● TASK STATEMENT
Exactly reproduce the lines from the one holding "Salvage Ford Escape" through the end of the records, including both boundary lines but no pictures.

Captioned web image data
+ + + + +

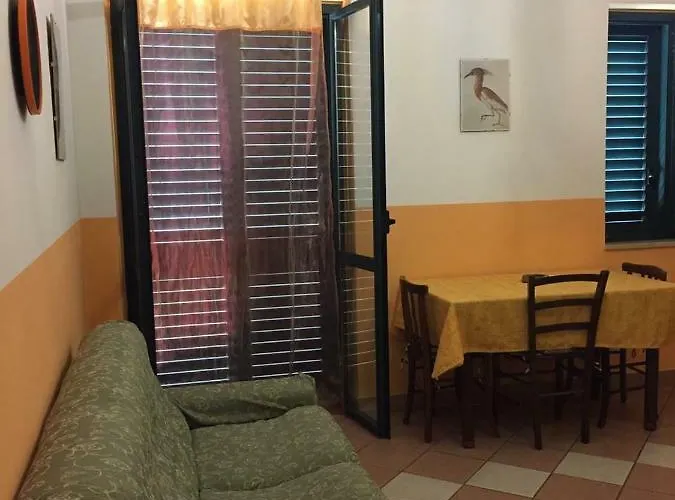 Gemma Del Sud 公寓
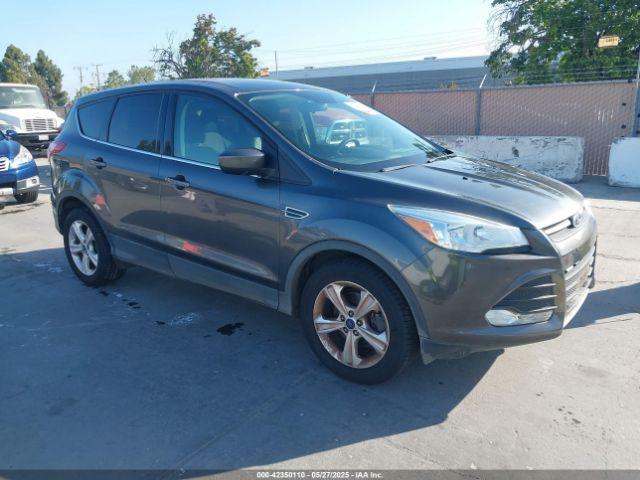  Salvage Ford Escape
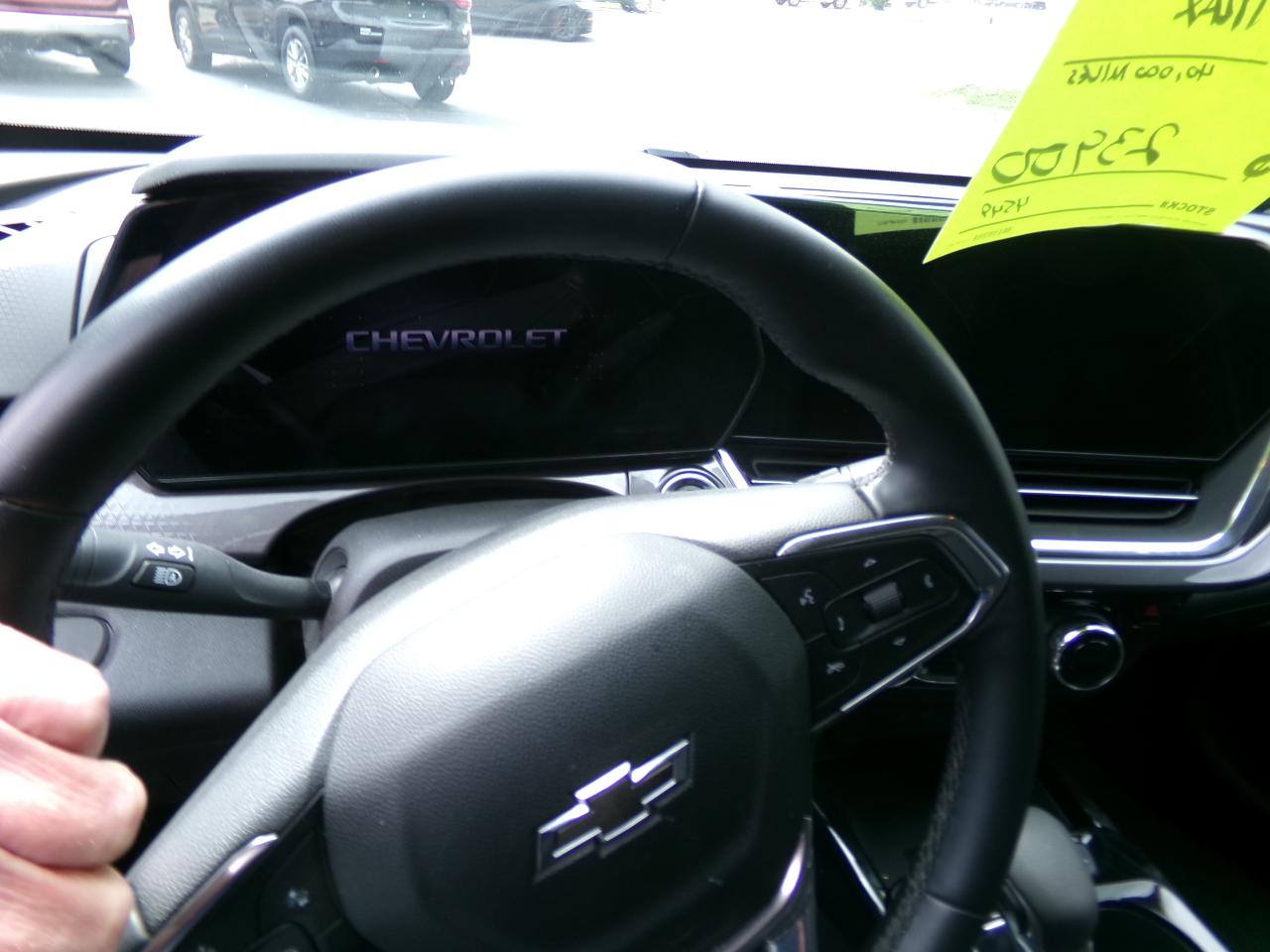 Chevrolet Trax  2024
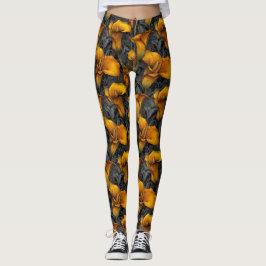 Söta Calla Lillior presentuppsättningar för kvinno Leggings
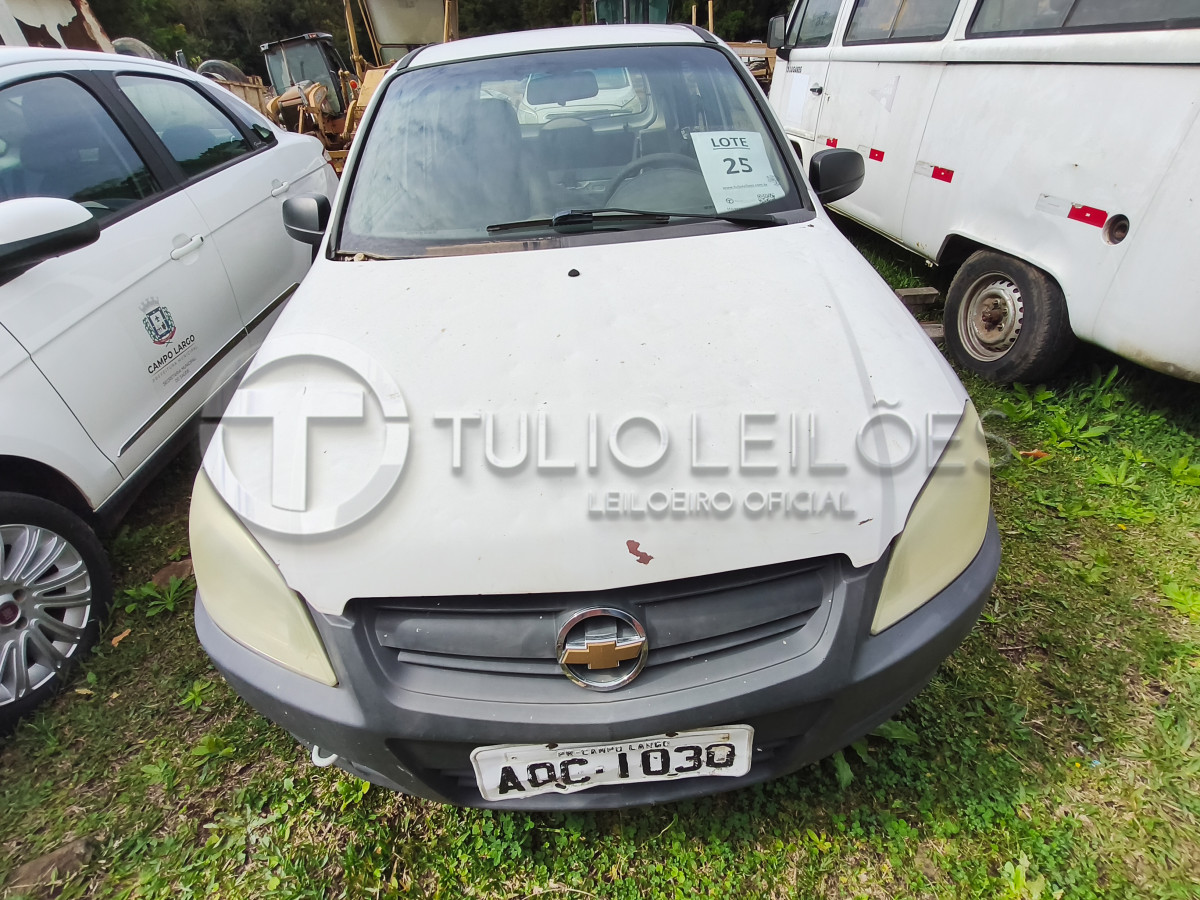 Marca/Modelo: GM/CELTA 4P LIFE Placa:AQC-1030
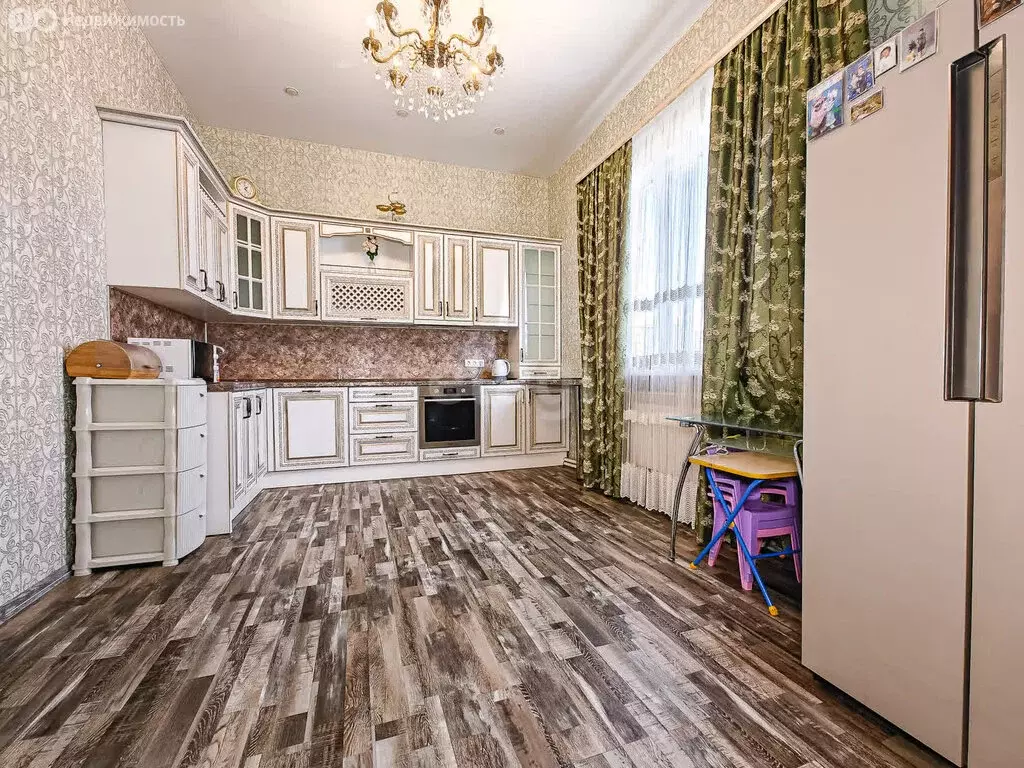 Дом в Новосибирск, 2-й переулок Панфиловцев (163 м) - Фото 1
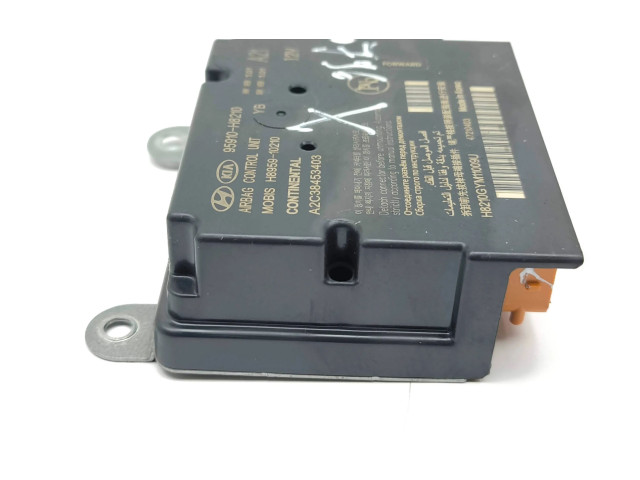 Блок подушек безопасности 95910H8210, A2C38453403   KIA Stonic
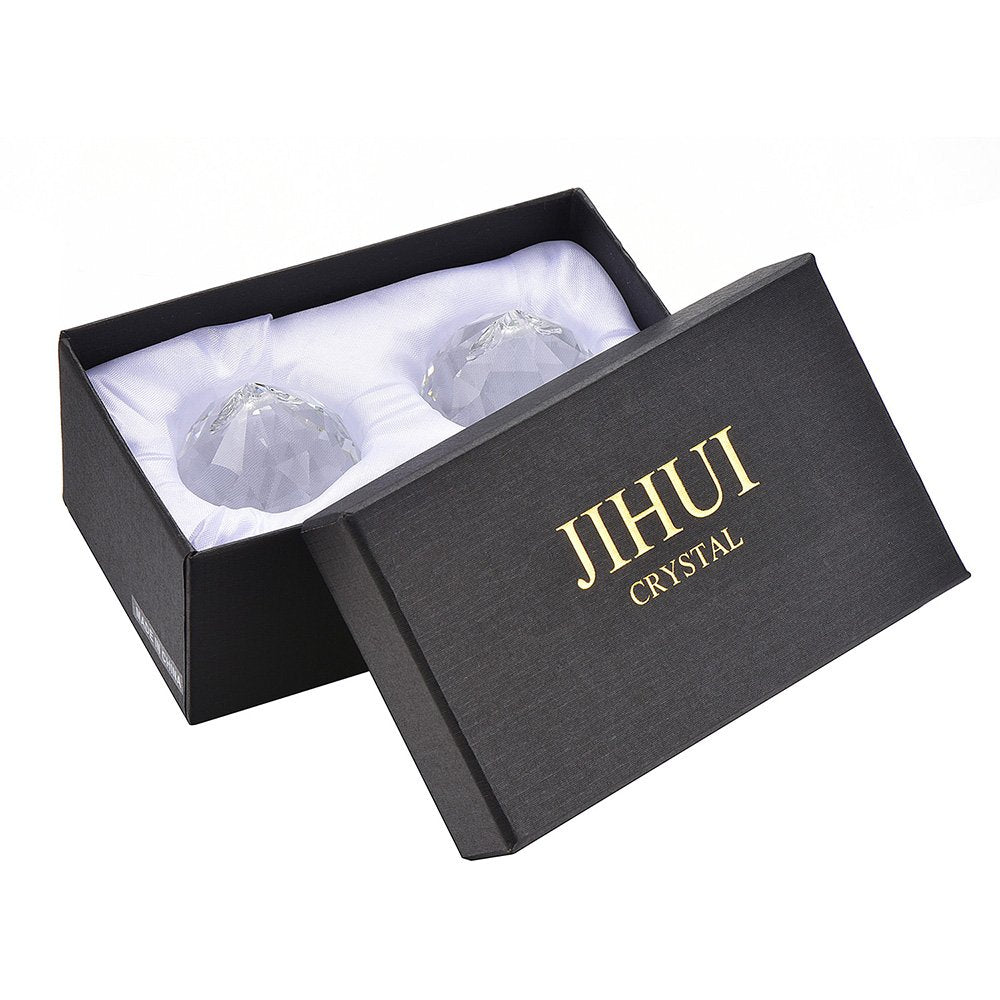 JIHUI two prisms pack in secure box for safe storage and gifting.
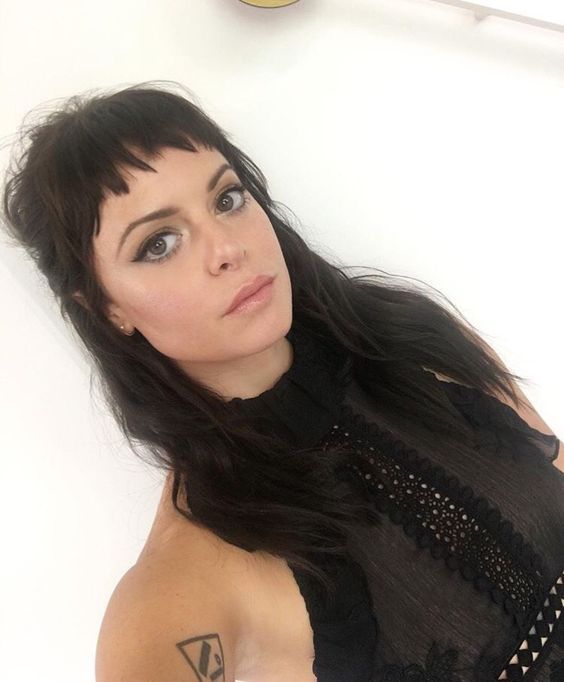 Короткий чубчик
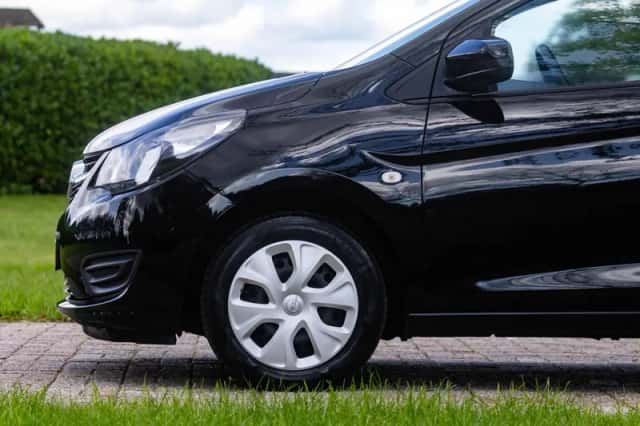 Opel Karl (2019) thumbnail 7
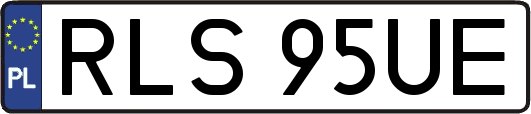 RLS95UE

+ + + + +

● ANSWER BOX
  Salvage Ford Escape
 Chevrolet Trax  2024
 Söta Calla Lillior presentuppsättningar för kvinno Leggings
 Marca/Modelo: GM/CELTA 4P LIFE Placa:AQC-1030
 Дом в Новосибирск, 2-й переулок Панфиловцев (163 м) - Фото 1
 Блок подушек безопасности 95910H8210, A2C38453403   KIA Stonic
 JIHUI two prisms pack in secure box for safe storage and gifting.
 Короткий чубчик
 Opel Karl (2019) thumbnail 7
 RLS95UE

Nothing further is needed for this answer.